California already has some of the least restrictive marijuana laws in the country, and they’re likely to become more so in the near future. But don’t expect the state’s famously liberal governor to help fight for legal weed.
In an interview with The Washington Post in January, Gov. Jerry Brown said he wouldn’t push for legalization, even as marijuana advocates seek to put the issue on the ballot this year.
“I’m not leading any charge for further chemical interactions,” Brown said. “We’ve got an awful lot of that going on right now, starting with Ritalin with little kids.”
Brown acknowledged legalization is likely to come before voters soon. Activists are currently circulating petitions to put the question on the 2014 ballot and, if that fails, plans are in the works for a second try in 2016.
California has a long tradition of government by referendum. Its medical marijuana system, the first in the country, was approved by voters in 1996. The state is widely considered one of the most likely to legalize pot in the next three years.
But Brown said he wants to wait and watch developments in Washington State and Colorado before taking a stance one way or another. Voters in both those states chose to make weed legal in the 2012 election, and the first retail marijuana stores opened in Colorado Jan. 1.
“I do think America’s under a certain amount of competitive pressure,” he said. “We like to think of ourselves as the leading power, and we’re an aging 4 percent of the world’s 7.2 billion people. So I think we have to stay alert and heads up. I don’t know if everybody’s going to pot that that’s going to be a positive path forward.”

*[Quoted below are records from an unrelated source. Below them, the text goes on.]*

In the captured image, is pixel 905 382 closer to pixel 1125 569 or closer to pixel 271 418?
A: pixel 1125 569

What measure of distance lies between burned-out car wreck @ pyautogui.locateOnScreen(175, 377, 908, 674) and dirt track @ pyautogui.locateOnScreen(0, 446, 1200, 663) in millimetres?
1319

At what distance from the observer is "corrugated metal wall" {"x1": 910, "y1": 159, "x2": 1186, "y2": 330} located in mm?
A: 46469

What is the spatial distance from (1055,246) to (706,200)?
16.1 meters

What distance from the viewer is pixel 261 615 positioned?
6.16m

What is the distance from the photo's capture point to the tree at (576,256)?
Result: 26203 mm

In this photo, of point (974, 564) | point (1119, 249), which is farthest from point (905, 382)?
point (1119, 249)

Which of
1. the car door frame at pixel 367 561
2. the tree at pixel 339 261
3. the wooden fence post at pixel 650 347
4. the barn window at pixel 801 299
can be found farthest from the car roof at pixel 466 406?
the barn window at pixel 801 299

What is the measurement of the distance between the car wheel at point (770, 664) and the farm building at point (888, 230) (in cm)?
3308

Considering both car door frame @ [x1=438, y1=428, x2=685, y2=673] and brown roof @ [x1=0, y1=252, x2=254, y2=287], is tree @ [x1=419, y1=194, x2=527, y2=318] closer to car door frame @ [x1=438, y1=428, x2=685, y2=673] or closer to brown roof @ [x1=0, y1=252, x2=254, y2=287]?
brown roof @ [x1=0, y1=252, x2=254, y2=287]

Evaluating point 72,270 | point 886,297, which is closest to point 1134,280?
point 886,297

Brown added: “But I mean, I’m a tolerant fellow, and let’s see how — maybe the Rocky Mountain high will provide some kind of inspiration. But I’d rather let them test it first, in the laboratories of democracy called the states. But this is a pretty liberal state, and I’m sure there will be people raring to put something on the ballot at some point.”

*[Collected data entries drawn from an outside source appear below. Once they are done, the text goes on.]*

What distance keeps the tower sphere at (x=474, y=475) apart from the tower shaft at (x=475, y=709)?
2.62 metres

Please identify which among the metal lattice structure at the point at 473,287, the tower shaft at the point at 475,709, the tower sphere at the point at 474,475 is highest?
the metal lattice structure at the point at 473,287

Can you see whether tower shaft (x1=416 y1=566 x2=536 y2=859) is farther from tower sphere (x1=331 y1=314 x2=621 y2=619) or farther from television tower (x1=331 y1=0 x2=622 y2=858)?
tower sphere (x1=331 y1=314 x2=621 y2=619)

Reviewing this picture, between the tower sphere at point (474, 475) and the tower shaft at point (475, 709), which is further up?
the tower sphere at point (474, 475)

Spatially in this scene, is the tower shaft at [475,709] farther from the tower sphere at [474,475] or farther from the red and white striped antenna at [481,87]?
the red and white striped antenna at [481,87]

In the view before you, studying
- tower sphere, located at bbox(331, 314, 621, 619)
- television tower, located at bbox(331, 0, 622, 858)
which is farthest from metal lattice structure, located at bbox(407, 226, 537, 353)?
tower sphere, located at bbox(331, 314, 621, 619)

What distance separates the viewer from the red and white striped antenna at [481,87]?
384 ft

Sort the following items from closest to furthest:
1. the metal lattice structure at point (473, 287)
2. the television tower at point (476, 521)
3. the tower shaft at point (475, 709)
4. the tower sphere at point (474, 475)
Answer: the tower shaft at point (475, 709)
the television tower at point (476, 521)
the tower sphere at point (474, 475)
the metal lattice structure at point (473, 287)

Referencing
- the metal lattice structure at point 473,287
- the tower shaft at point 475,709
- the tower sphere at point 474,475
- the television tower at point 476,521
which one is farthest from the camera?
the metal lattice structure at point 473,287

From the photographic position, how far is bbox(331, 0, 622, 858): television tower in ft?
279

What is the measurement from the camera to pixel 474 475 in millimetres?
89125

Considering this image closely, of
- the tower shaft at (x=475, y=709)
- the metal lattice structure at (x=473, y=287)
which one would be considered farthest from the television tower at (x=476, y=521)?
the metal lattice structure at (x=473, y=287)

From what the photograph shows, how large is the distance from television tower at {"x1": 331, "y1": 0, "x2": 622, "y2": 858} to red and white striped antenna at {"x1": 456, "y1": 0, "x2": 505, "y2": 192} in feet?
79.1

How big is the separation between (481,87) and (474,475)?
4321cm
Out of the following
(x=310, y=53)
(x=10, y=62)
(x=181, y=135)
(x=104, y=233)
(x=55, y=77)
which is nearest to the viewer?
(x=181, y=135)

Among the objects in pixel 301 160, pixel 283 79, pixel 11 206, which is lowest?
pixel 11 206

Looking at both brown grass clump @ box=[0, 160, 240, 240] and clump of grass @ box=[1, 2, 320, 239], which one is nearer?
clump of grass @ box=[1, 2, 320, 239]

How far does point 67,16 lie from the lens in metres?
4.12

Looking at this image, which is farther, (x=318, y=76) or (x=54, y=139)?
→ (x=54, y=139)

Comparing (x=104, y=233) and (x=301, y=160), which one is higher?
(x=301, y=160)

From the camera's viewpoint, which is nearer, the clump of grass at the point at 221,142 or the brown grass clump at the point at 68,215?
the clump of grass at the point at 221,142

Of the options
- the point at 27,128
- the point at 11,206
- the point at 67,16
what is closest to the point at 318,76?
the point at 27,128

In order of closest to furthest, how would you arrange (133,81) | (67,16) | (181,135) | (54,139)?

Most of the big hitters in marijuana advocacy are waiting for 2016 instead, when a presidential election should turn out more of the voters who support legalization.There are four groups seeking to put legalization before voters in November. Two are currently gathering signatures. Voter support for the idea is strong, with recent polls showing a clear majority of Californians want to make recreational cannabis legal – enough that it would probably pass. But it’s not clear any of the four petitions will make it onto the ballot this year.
Brown’s position on legal pot may be at odds with his historical image as a progressive governor. He first held the office from 1975 to 1983. But since then, he has become known as much for his political pragmatism and moderation as for his early liberalism.